Faculty of Arts, MU
Recommendations for the Creators of Research Platforms and Collections
The following are recommendations on topics associated with the design of online platforms for research and they are not linked to a specific technical solution. Online platforms for research include various digital libraries, databases, dictionaries or geographic information systems.
It is not an exhaustive list nor generally applicable rules; rather, these are topics worth considering.
We will also appreciate your experience and comments on firstname.lastname@example.org. If you are designing a platform, we will be glad to meet and discuss your needs in more depth.
The basic questions can be summarized as follows: Why should the platform exist? What should its content be? Who will be working with the platform and how?
The reason for the existence of the platform is probably given by the research project and the lack of an appropriate resource. The platform is usually used by its administrator (research team) when adding and editing its content. This research team also works with the platform after the content is provided. If the platform is publicly accessible, the group of potential users and their needs extends. The needs of users and the required functions can be described in more ways, from simple text descriptions to various types of models. There are also a number of methods for identifying these needs (more under point 6). The decisions concerning the description of the content are also important for the functionality (more under point 2).
Other requirements may pertain to the data about the use of the platform. For example, it is appropriate to determine whether we want to record the numbers of file downloads or individual record views and whether this data should be displayed publicly, directly in the system.
In order to be able to work with the objects in the collection (scanned materials, data, photos, text, ...), these objects should be appropriately described.

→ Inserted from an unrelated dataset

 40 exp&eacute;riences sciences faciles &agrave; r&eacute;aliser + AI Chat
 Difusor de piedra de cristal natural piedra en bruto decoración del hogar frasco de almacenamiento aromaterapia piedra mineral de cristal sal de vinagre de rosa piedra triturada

In a dummy collection of letters, their description may concern the letters alone (names of individuals who exchanged the communication, description of the content of the letters, dates of dispatch, paper size, colour of the ink, ...) or their senders and recipients (country of origin, field of expertise, ...). How comprehensive the description should be, it depends on the needs of the users, first of all, the research team that creates the collection. The decisive factor is also the amount of time available to create the collection.
When formulating the rules for describing the content, it is necessary to decide what data to include, where it will be obtained from and how it will be entered.
The following are examples of potentially problematic areas:
- Objects in the collection may have authors or other associated individuals that should be clearly identifiable. The problem may be aliases, different variants of writing the name (J. R. R. Tolkien vs John Ronald Reuel Tolkien) or different individuals of the same name.
- Similar problems may occur when identifying geographic areas. For example, if the dummy collection of letters contains letters sent from the town of Zlín from the period when it was called Gottwaldov, it is necessary to consider which name should be used.
- The description of the content can be very subjective and for one collection it is often prepared by more people. Therefore, it is appropriate to consider drafting allowed terms and phrases and instructions for their use, including the required number of entries. The same object can be described from different aspects, therefore, the choice of terms should be adapted to the purpose of the collection.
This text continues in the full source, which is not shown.